Looking for a Job? BBB advice on finding help for the hunt
June 22, 2008
With an uncertain economy and employment outlook, the Better Business Bureau offers guidance to jobseekers to help them understand the kinds of career counseling and job placement assistance available and ensure they enlist the aid of trustworthy organizations.
There are many places job hunters can go for help landing a job, but they need to make sure they’re using an organization they can trust – this is as easy as checking the business out at bbb.org.
Public Employment Service (aka Job Service) is a federally funded and state-operated program that is available in all 50 states. This service has nearly 1,700 offices across the country and provides free assistance to job hunters. For more information visit: www.jobbankinfo.org
Temporary Services place employees at companies needing temporary help.

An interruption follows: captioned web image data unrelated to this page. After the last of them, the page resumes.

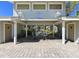 A covered seating area with pool rules, tables, and restrooms provides a relaxing community space at 8350 Savannah Trace Cir # 1808, Tampa, FL 33615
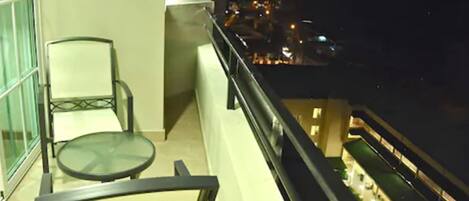 Un balcone con tavolo e sedie in vetro che si affaccia su una vista notturna della città.
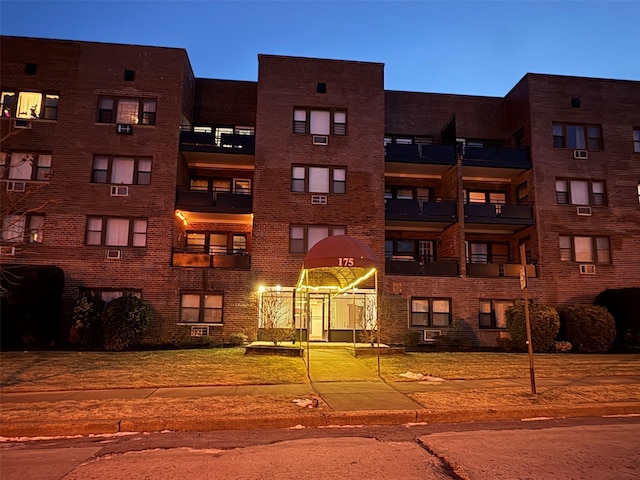 view of outdoor building at dusk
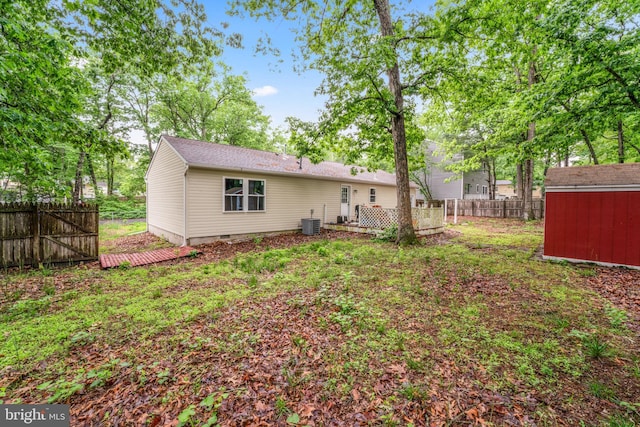 156 Dennis Ave, Browns Mills, NJ 08015 - back of property with a fenced backyard, central AC unit, and a deck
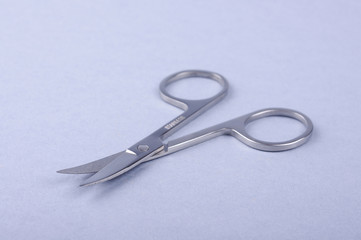 Manicure scissors isolated on the gray background
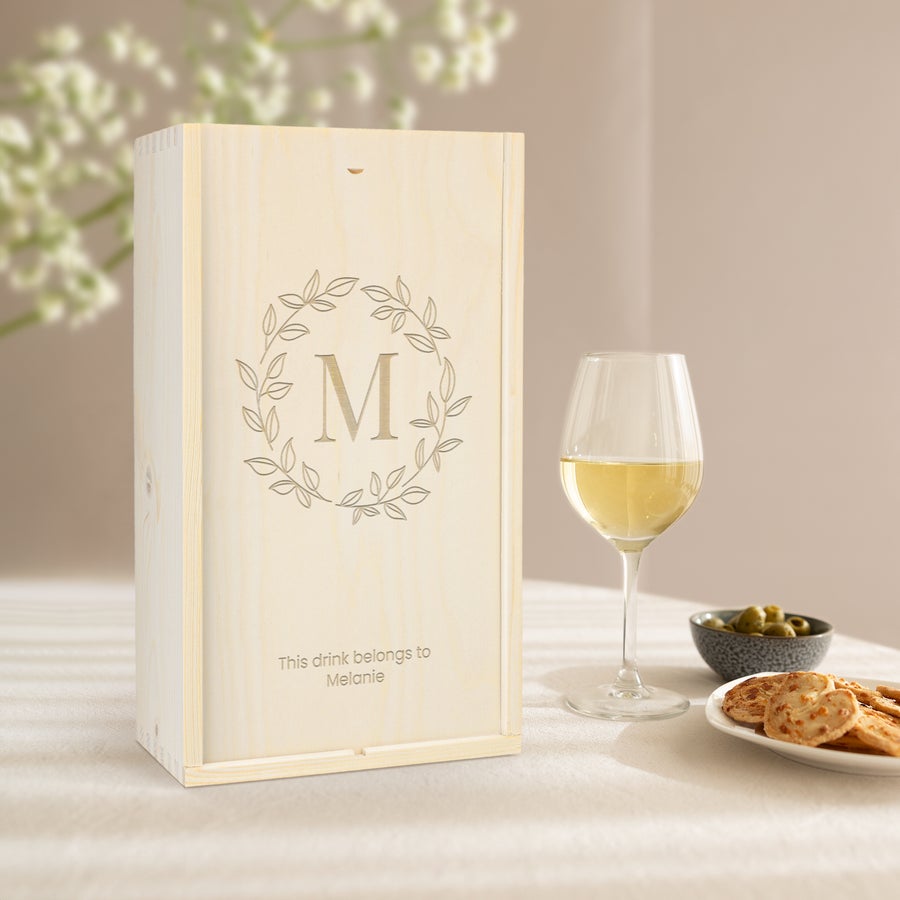Gepersonaliseerde wijnkist Houten wijnkist met een persoonlijke gravure van initiaal M, omringd door bladeren, en de tekst 'This drink belongs to Melanie'.
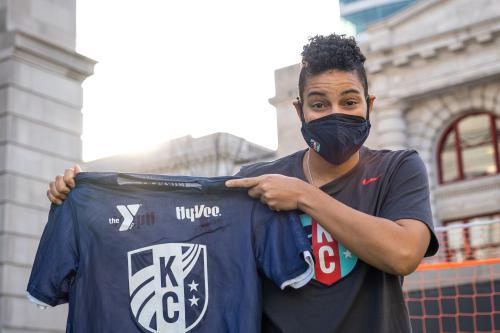 KC Current Goalkeeper Adrianna Franch holds the YMCA KC Current youth soccer jersey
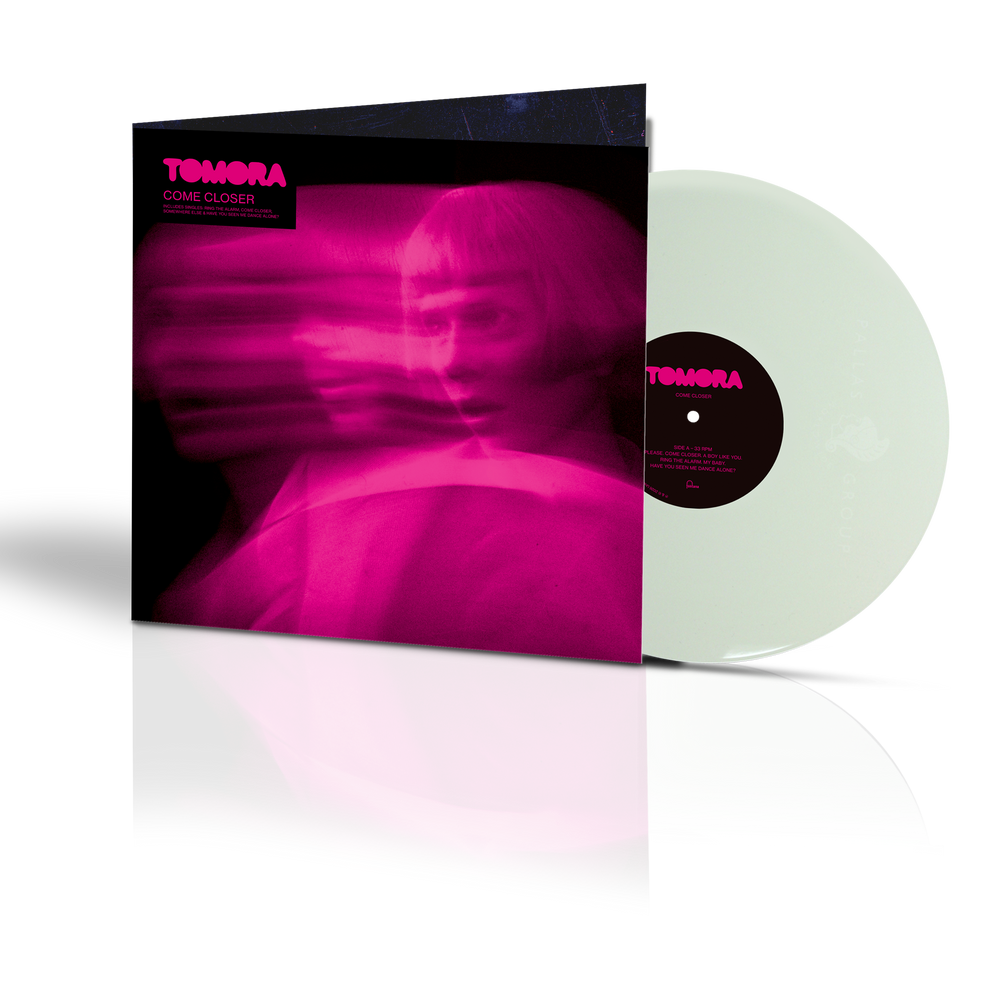 the album cover for Tomora - Come Closer [180 Gram White]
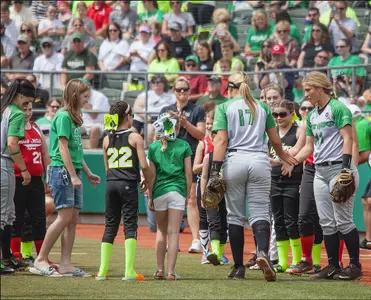 Rebecca Myslenski leading her Lil' Sis's out on the field. Photo Credit David Myslenski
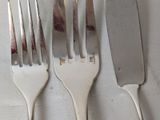 three forks and a knife sitting on a table
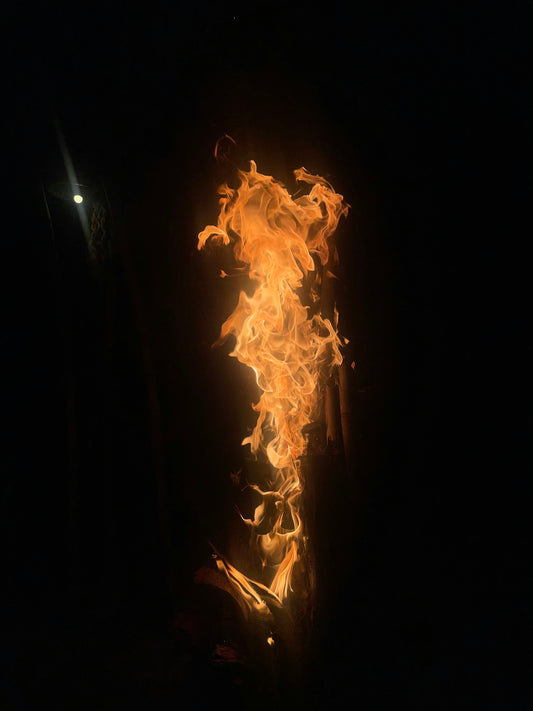 A person standing in the dark with a fire in their hand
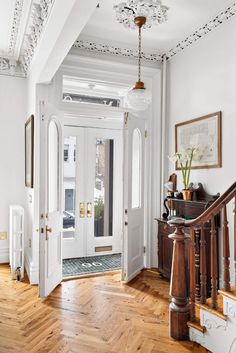 an entryway with wooden floors and white walls, decorated in wood trimmings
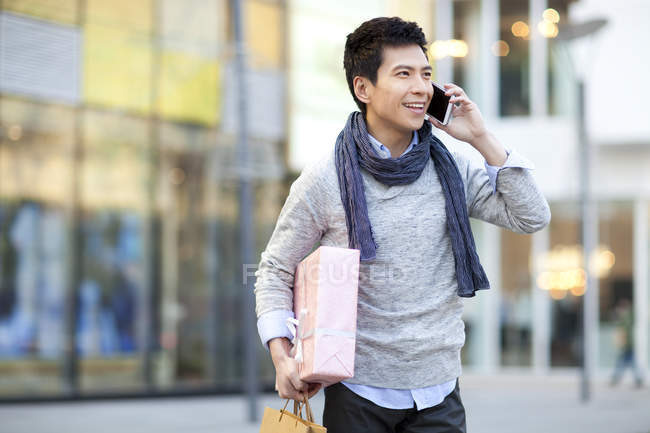 Hombre chino de moda sosteniendo regalo y hablando por teléfono en la calle - foto de stock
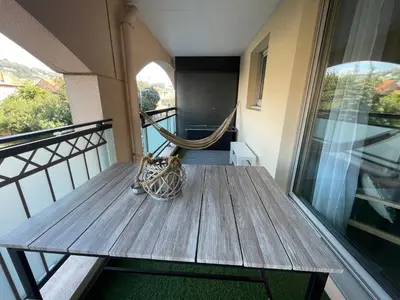 a wooden table on a balcony with a hammock at CHEZ MATHIEU in Cannes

Jobseekers do not pay the temp service. This is one way unemployed workers can supplement their income while looking for a permanent job. And, temporary positions sometimes evolve into full-time jobs.
Employment Agencies search for employees to fill permanent full- or part-time jobs. Typically, businesses pay for the agency’s service but, in some cases, the job hunter might be on the hook for fees.
Executive or Career Counseling Services help job hunters evaluate their career paths and provide guidance on resume writing, interview techniques and presentation. Some counselors will identify businesses at which to apply. Counseling services typically charge several thousand dollars and do not always guarantee job placement.
The BBB offers the following advice for job hunters when enlisting the help of an agency or counselor to find a new job:
• Always check out a job placement or career counseling organization with the BBB first at www.bbb.org. The BBB also recommends visiting the National Board for Certified Counselors online at www.nbcc.org.
• Carefully review any contracts for counseling or placement services, making sure all oral promises are included, even if that means taking the contract home and having a trusted friend or relative also review the document.
• Be wary of paying upfront fees to a placement agency and be extremely cautious when giving out credit card or bank account information.